Higher corn use is driven by expansion of ethanol production and, to a lesser extent, increases in corn used for starch, high fructose corn syrup, and glucose and dextrose. The recovering housing industry and industrial uses are bolstering corn use for starch. In general, domestic demand for all FSI use categories is set to increase as the economy slowly recovers. Corn sweetener exports to Mexico are expected to slip as sugar output there increases.

Corn use in ethanol production: Corn used to produce fuel ethanol in 2013/14 is projected to recover by 175 million bushels over 2012/13. The expected increase supports a forecast of 4,675 million bushes, 344 million bushels below the record set in 2010/11. The 2013/14 projection implies that 36 percent of expected corn usage will be for ethanol production compared with 40 percent in both 2011/12 and 2012/13.

Despite an expected increase in corn used in ethanol production, a total recovery to previous levels is doubtful in light of several factors. Gasoline consumption is expected to continue its decline from the 133.9 billion gallons currently projected by the Energy Information Administration (EIA) for the 2012/13 corn marketing year.

The expected decline reflects continued increases in vehicle efficiency and declines in miles driven as a result of high gas prices, weak economic recovery, and changing driver demographics. Slow growth in consumer acceptance and availability of higher (15 and 85 percent) blends for flex-fuel vehicles also limits substitution of ethanol for gasoline.

Finally, prospects for expansion in U.S. ethanol exports are limited as sugar cane ethanol production in Brazil — a major trade competitor — ramps up on expectations for a large 2013/14 sugar cane crop.

Corn exports: U.S. corn exports for 2013/14 are projected up 600 million bushels to 1,500 million. Expanded world corn area and production in 2013/14 support continued growth in global corn use. Global corn import demand is expected to jump in 2013/14 due to falling prices, continued economic expansion, and growth in animal feed demand. Expected record production in the United States will boost exportable supplies sharply and improve competitiveness.

Brazil has emerged as a formidable competitor in 2012/13, but its continued export competitiveness will depend mainly on domestic production and demand, infrastructure efficiency, and currency values.

Both Argentina and Ukraine are expected to produce and export substantial volumes once again, remaining strong competitors. China’s import demand is expected to surge as domestic animal feed use expands in the face of sharply lower global corn prices; however, much depends on relative prices and internal policies.

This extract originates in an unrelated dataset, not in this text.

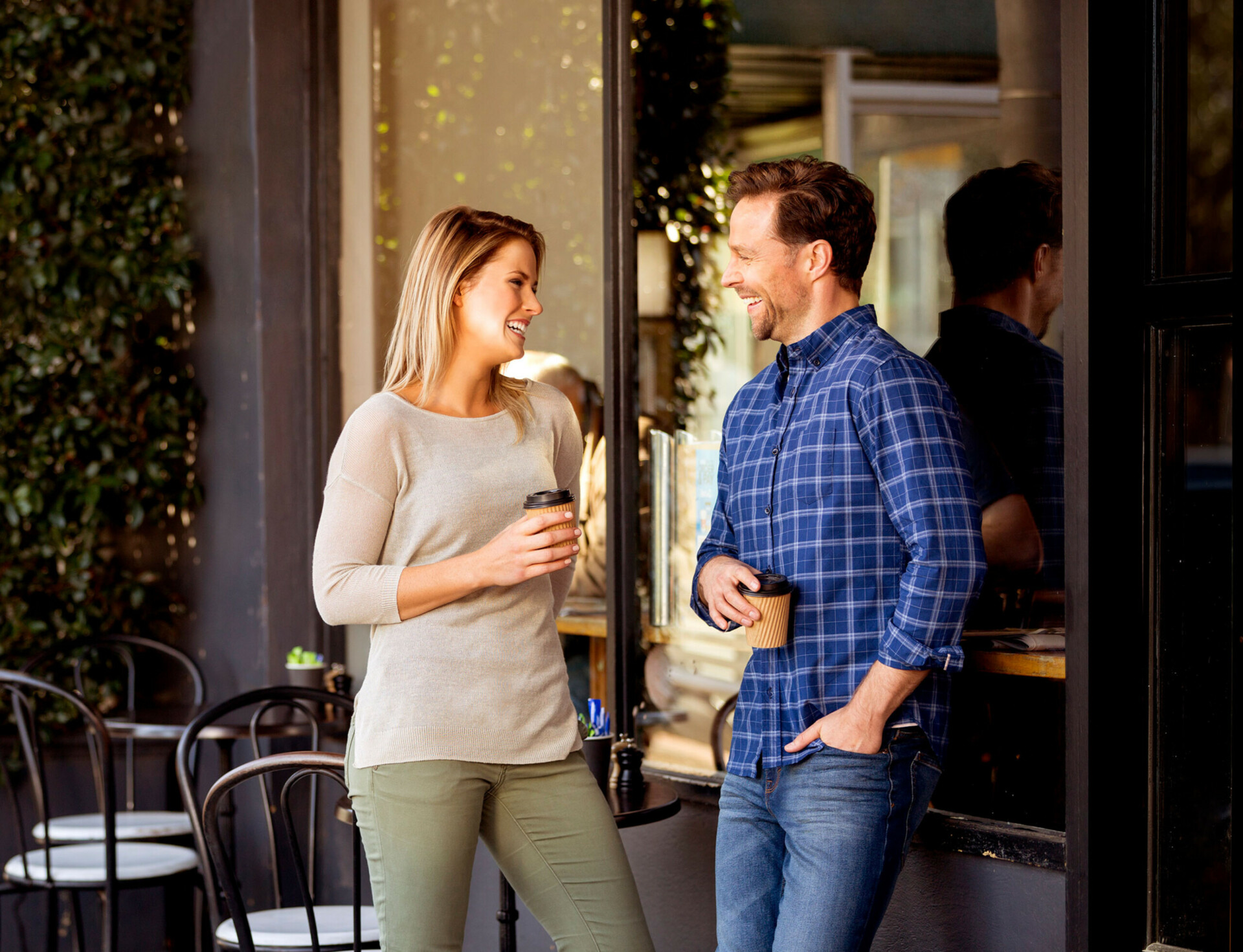 Arcadia, Officer man and woman standing outside a shop drinking takeaway coffee
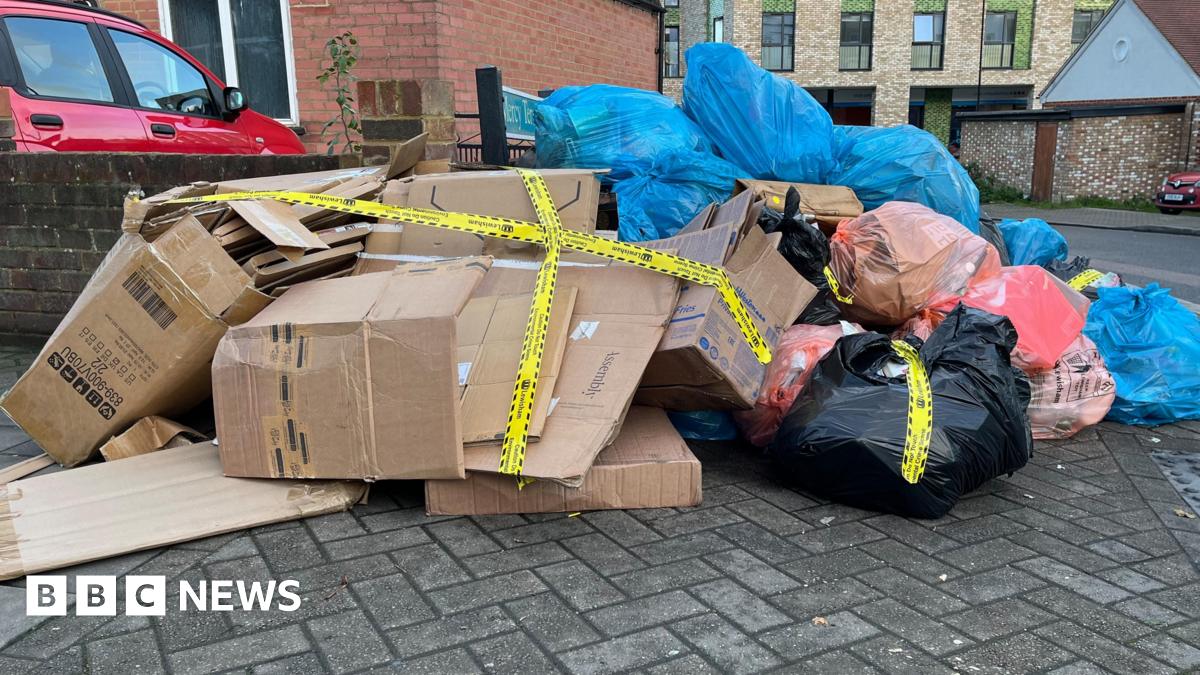 A large pile of rubbish and cardboard boxes on the side of a street.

Corn ending stocks and farm prices: Corn ending stocks for 2013/14 are projected at 2,177 million bushels, more than triple the 2012/13 forecast. While use approaches the record high levels of 2009/10 and 2010/11, strong global competition limits the expansion in exports allowing stocks to rebuild rapidly.

The stocks-to-use ratio is projected at 16.7 percent, nearly 3 times higher than the 5.6 percent expected in 2012/13. Abundant stocks in the U.S. and other major exporting countries put substantial downward pressure on corn prices in 2013/14.

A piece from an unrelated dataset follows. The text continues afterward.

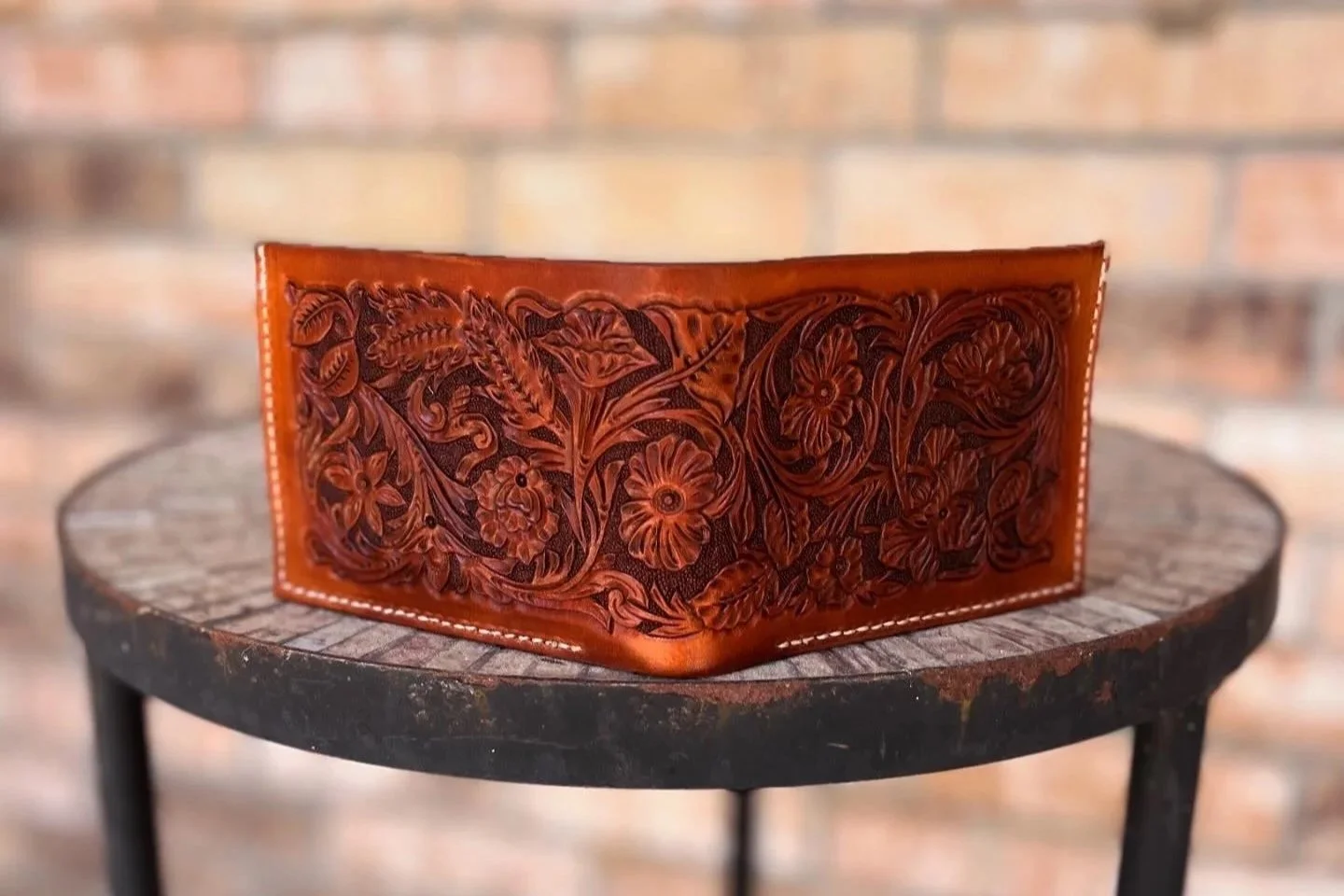 Leather wallet with intricate floral and leaf carvings, placed on a round wooden table with a brick wall background.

Favorable forward pricing opportunities are expected to provide some support for prices received by producers early in the 2013/14 marketing year, but harvest time cash prices are expected to fall to near $4 per bushel.

The season-average farm price is projected at $4.80 per bushel, down $2.40 from the midpoint of the record high projected range for 2012/13.

Soybean supply, demand, and price outlook for 2013/14

Soybean supplies: Soybean supplies for 2013/14 are projected at 3,545 million bushels, up 11 percent from 2012/13 as larger soybean production more than offsets lower beginning stocks and projected imports.

Soybean production is projected 13 percent higher at 3,405 million bushels mostly reflecting yield gains above last year’s drought-reduced level. Soybean plantings are projected slightly above last year as cotton plantings decline and opportunities for double-cropping increase in several of the SRW wheat states.

With normal abandonment, soybean harvested acreage is projected at 76.6 million acres, up 0.5 million from 2012.

The national average soybean yield is projected at 44.5 bushels per acre, up 4.9 bushels from last year’s drought-reduced level. The trend projection is based on a weather-adjusted yield model that accounts for temperature and rainfall during the growing season.